En ese momento no lo tomé con mucha alegría porque no teníamos conocimientos de que era lo que íbamos hacer, pero una vez allí, cuando ya nos explicaron como era el trabajo, el sistema de estudio que teníamos, todo lo que hicimos, ya nos fuimos emocionando por la tarea.


Cuando el Comandante fue a inaugurar la escuela estando nosotros allí eso fue una cosa que no te puedes imaginar, nos emocionó tanto verlo, lo pudimos tocar, fue algo muy bonito.


Ser una de las fundadoras de este programa significó mucho porque fue una experiencia única, cosas que no nos imaginábamos que podíamos hacer, tuvimos momentos que vivimos que fueron únicos.
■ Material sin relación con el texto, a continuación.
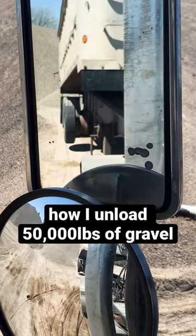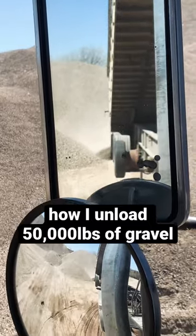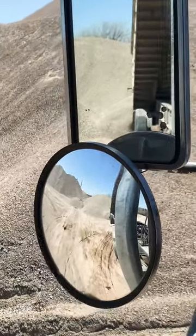First things first, I gotta make sure I'm backing in on a level surface. If it's not a level surface, the load could cause the trailer to tip. That's why this is a very important step.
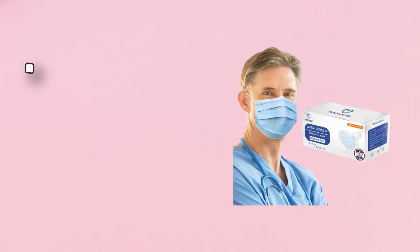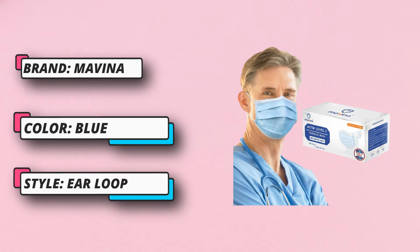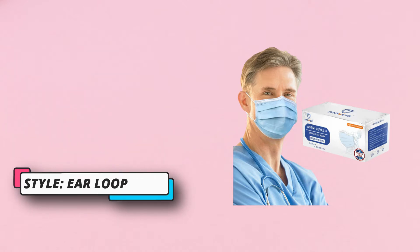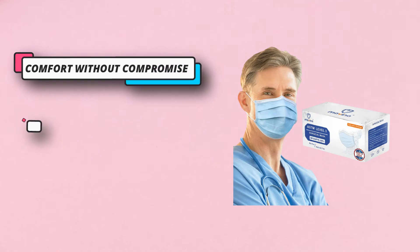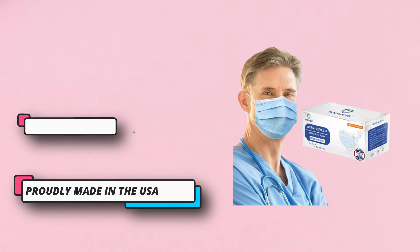Proudly made in the USA — all raw materials sourcing and face mask manufacturing are done in the United States. Comfort without compromise is what our Level 3 Surgical Masks stand for. No longer do you need to choose between comfort and protection; with our masks you can have both.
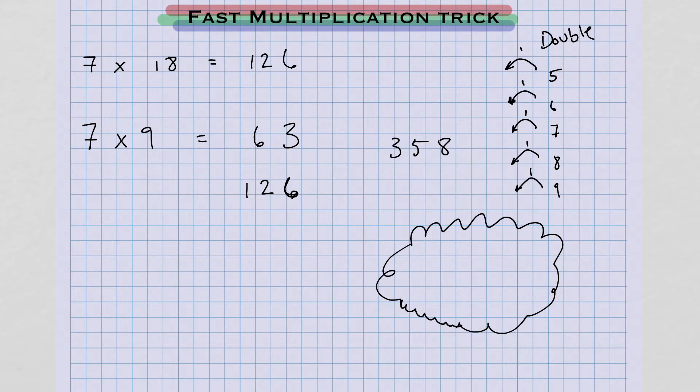3 doubled is 6, so we hold that number in our mind. But before we write the answer down, I'm going to ask myself: if I double this number 5, am I going to have to carry over? Yes, if I double the number 5, I'm going to have to carry over. So instead of writing the number 6, we carry over that 1 and write the next number up, 7.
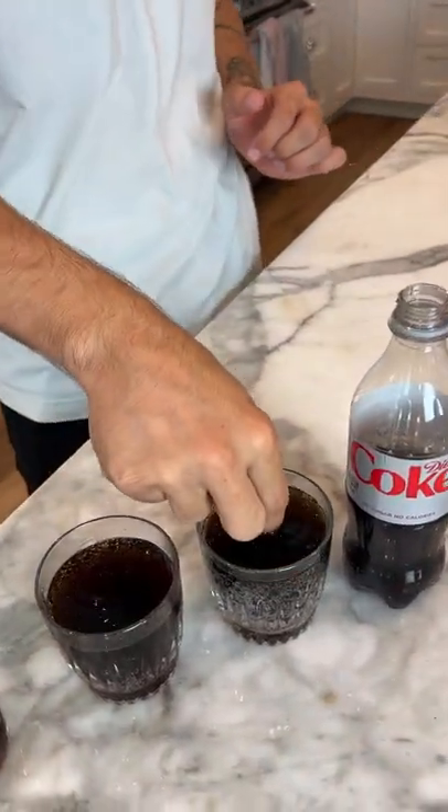Now if we stick in the diet Coke, it should be not sticky — kind of wash it off there. And there's no stick. It's literally not sticky at all. It actually works.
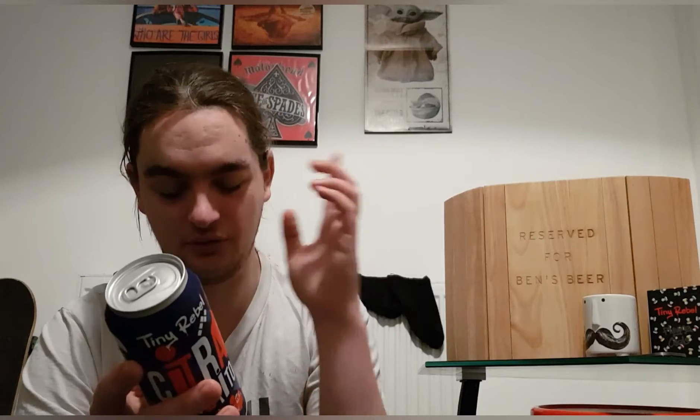The can art is quite nice — it's a bunch of Picasso-styled, pop art style artwork. It looks cool. No other info on the back besides what I mentioned, so let's crack it open and see what we've got.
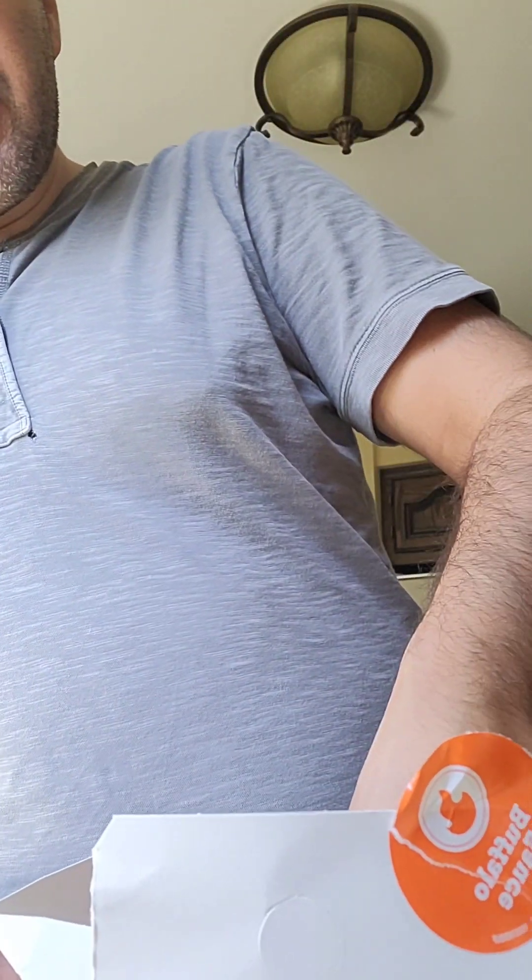That one had a little bit of buffalo on it and it's still the same. So I'm going to give the fry an easy 4.5 to 5 out of ten. I feel that if they had done a better job of frying them or even heating them up properly, it would have been a better result. Let's try the chicken.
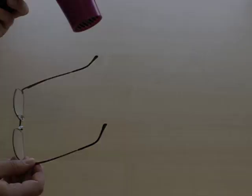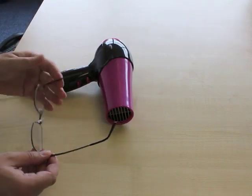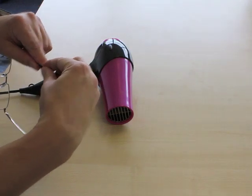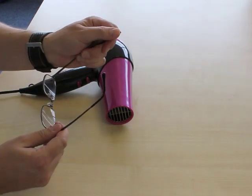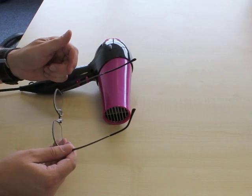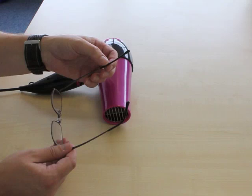Apply the heat and then make the side straight so that it's parallel. The reason you do this is because you want a nice smooth curve the next time you adjust it. Now take note of where you want to adjust the side — you can mark it with a pen or something.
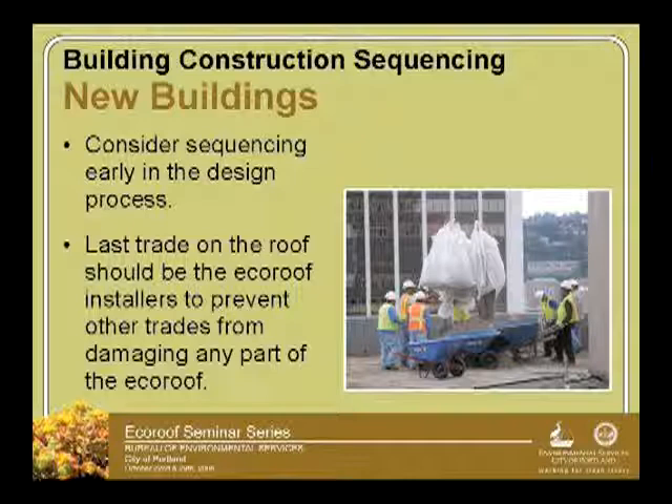When you're talking about building construction, make sure you have a conversation about how it's going to be sequenced, and ensure that the eco-roof is going to be the last thing, or close to the last thing, installed once the roof is completed.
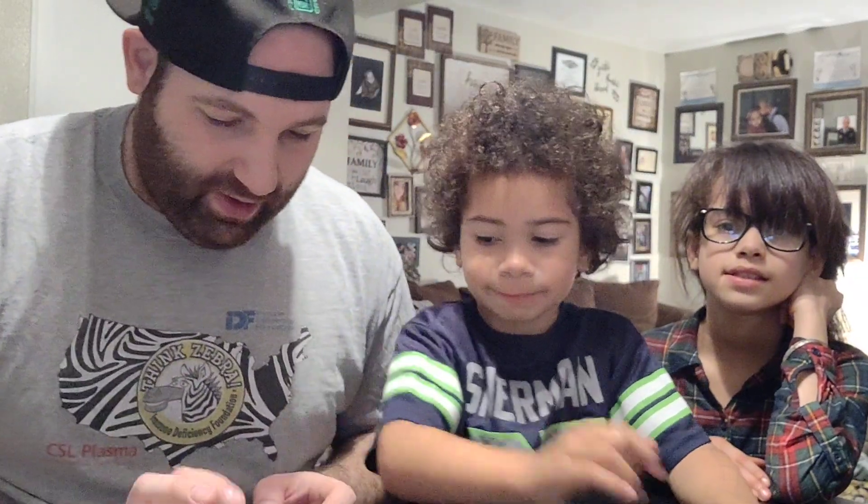Alright guys, so we're back out with another video. We are gonna do a raw honeycomb. I got myself my son Cassidy. But we're gonna get into this. We're gonna try this.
Estando estudiando nos trasladaron a diferentes provincias a cumplir con otros objetivos como era la campaña contra el mosquito en La Habana y en Santiago, la sustitución de los bombillos incandescentes por los ahorradores, el pesaje de niños, una experiencia también bonita porque estuvimos en zonas del campo, trabajamos hasta cualquier horario de la noche o de la madrugada porque salíamos temprano, a parte de que nos divertimos, cumplimos bien con lo que nos asignaron en esos momentos.


Lo que más me marcó de ese tiempo fue la carrera universitaria que alcancé pues cogí una buena opción la licenciatura en Derecho, y a parte de eso, todo lo que hicimos con la población, todos los programas que se crearon en ese instante que pasaron por nuestras manos, trabajamos directamente con el Curso de Superación Integral para Jóvenes, con la tarea Álvaro Reinoso, atendimos desde nuestros puntos todas esas tareas, y fue algo bonito en realidad.


De aquella época extraño la escuela, fue un centro lindo creado exclusivamente para eso, extraño a mis compañeros, conocimos a jóvenes de muchas provincias, y sobre todo aquel actuar con las familias en esos tiempos.


Hoy soy la especialista principal del Departamento de empleo en el MTSS, llevo una tarea bastante complicada ahora mismo con la tarea Ordenamiento, y el haberme formado como trabajadora social me aportó para mi trabajo actual muchos conocimientos y experiencias.


Puedo resumir en una palabra lo que siento por el trabajo social y es, amor», así concluyó esta joven fruto de uno de los más nobles programas de la Revolución cubana.


Testimonios como estos hay muchos desde el cabo de San Antonio hasta la punta de Maisí. Varios de estos jóvenes se mantienen desempeñando como trabajadores sociales en sus comunidades con la transformación que ha sufrido el programa. Otros su rumbo ha tomado la proa de importantes aportes en la vida socioeconómica del país, al desempeñar las carreras universitarias de la cual tuvieron la posibilidad de formarse.

Sin dudas esta fue una gran oportunidad para los bisoños que encontraron nuevos derroteros en sus vidas, y que hoy sienten un sano orgullo se haber sido parte de un programa cargado de tanta sensibilidad humana.